Could you reproduce every record below exactly, excluding all pictures?

(Data for analysis begins)

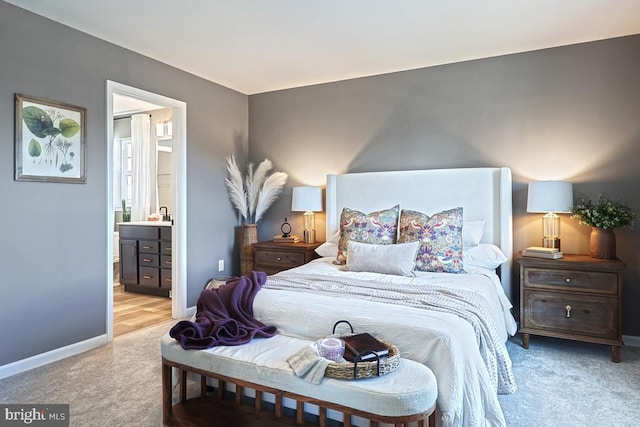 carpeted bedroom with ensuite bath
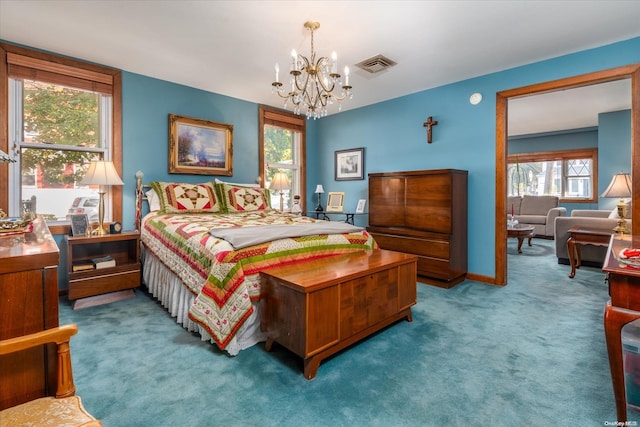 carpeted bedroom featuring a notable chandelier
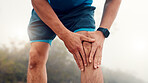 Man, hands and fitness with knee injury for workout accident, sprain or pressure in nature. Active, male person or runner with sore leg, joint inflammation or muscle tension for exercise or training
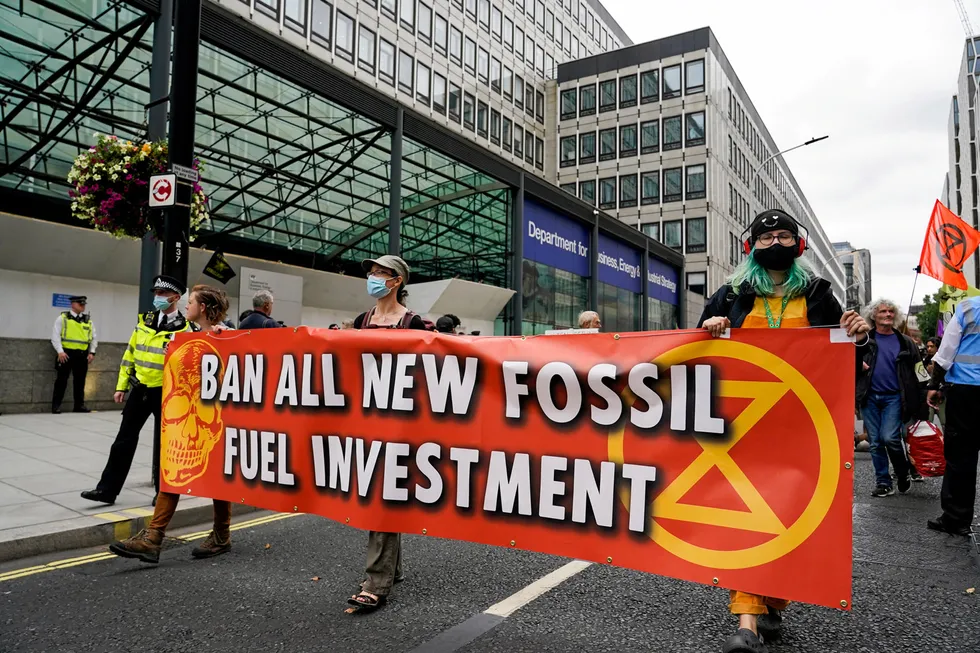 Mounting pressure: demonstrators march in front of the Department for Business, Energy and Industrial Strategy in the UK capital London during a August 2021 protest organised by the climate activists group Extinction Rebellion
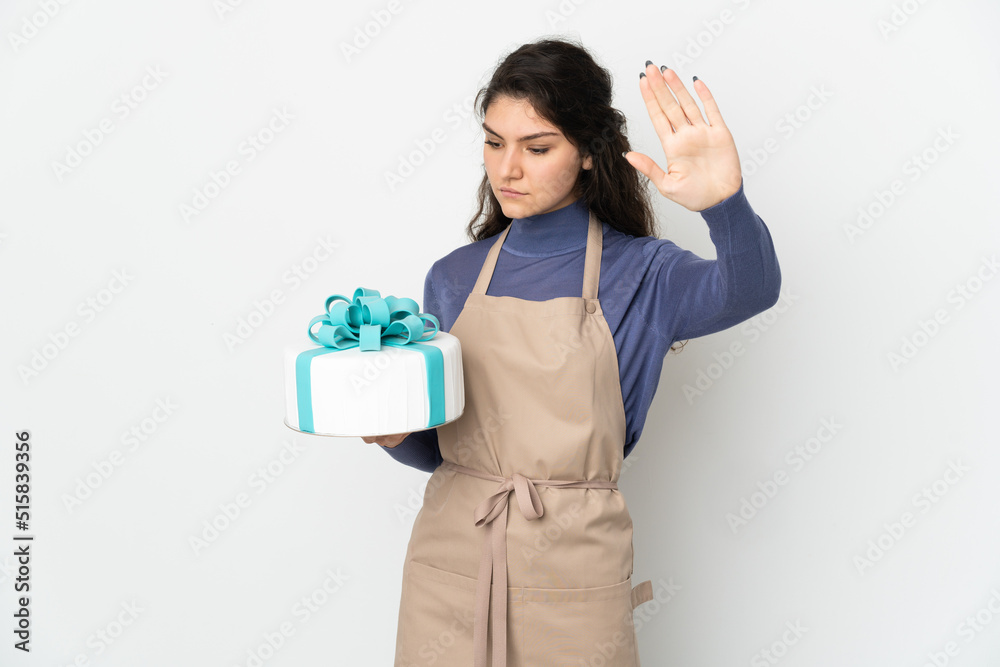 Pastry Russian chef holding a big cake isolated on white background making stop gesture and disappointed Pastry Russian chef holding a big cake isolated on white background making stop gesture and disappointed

(Data for analysis ends)

▶ **Task response**:
 carpeted bedroom with ensuite bath
 carpeted bedroom featuring a notable chandelier
 Man, hands and fitness with knee injury for workout accident, sprain or pressure in nature. Active, male person or runner with sore leg, joint inflammation or muscle tension for exercise or training
 Mounting pressure: demonstrators march in front of the Department for Business, Energy and Industrial Strategy in the UK capital London during a August 2021 protest organised by the climate activists group Extinction Rebellion
 Pastry Russian chef holding a big cake isolated on white background making stop gesture and disappointed Pastry Russian chef holding a big cake isolated on white background making stop gesture and disappointed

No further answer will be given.